One of a Kind is the first extended play by South Korean rapper G-Dragon. It was released digitally on September 15, 2012, and physically on September 18, through YG Entertainment. The EP consists of seven songs all written or co-written, and co-composed by G-Dragon himself.

Upon release, the album was a commercial success in South Korea. It peaked atop the Gaon Albums Chart and on the Billboard World Albums Chart. The EP also entered the Billboard 200 peaking at number 161, making G-Dragon the first Korean soloist with a Korean-language album to enter that chart. As of 2017, the album has sold over 260,000 copies in his native country, making it the highest selling album by a Korean soloist since the release of his debut album Heartbreaker (2009).

==Release and promotion==
"One of a Kind" was released as a promotional single on August 24. "That XX" and "Crayon" were later released as first and second singles off the EP. Originally, the song "Without You" had a featuring first credited as "? from YG New Girl Group", when it was first announced that YG was starting a new girl group. Almost four years after the EP was released, the featuring vocals were revealed to be Rosé from said new girl group, Blackpink.

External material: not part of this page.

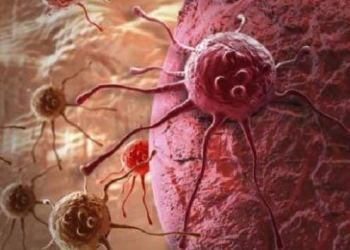 World Cancer Day on February 4: Chronic inflammation can up the risk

G-Dragon held a live-stream to countdown to and celebrate the release of the EP through Naver's Line TV, with guests Lydia Paek, Taeyang, producer Choice37, and rapper-producer Tablo of Epik High.

G-Dragon embarked on his first world tour, the One of a Kind World Tour, in support of the EP which marked the first time for a Korean soloist to hold a Japanese dome-arena tour. Many of his YG label-mates made special guest appearances on various stops throughout the tour, including his bandmates Big Bang, as well as 2NE1, Tablo, Lee Hi, and Akdong Musician. The tour began on March 30 and concluded on September 1, 2013, at Olympic Gymnastics Arena in Seoul, South Korea.

==Critical reception==
Allmusic reviewer David Jeffries gave the album 3.5 out of 5 stars, remarking while "few others would have the daring or money for his flashy wardrobe, [G-Dragon] deserves that swagger due to his talent as well". Jeffries complimented the production in the tracks "One of a Kind" and "Crayon", and compared the record to Lady Gaga's music, writing that the rapper took his "'little monster" attitude and did "some envelope pushing" with the EP. Korean online magazine IZM included One of a Kind in their list of best albums of 2012, highlighting the variety of genres heard in the album, which included rock, hip hop and acoustic. IZM complimented G-Dragon's artistic direction and felt that the album brought the "recovery of swag and madness."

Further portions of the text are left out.